Exercise instructions: Set down, word for word, every line of the listing below, starting with the one that contains "Sands China’s Q2" and ending with the final line. Include nothing else.

Data below:
%%

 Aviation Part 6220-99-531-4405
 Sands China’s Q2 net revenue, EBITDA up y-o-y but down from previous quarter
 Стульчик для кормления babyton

%%

Exercise answer:
 Sands China’s Q2 net revenue, EBITDA up y-o-y but down from previous quarter
 Стульчик для кормления babyton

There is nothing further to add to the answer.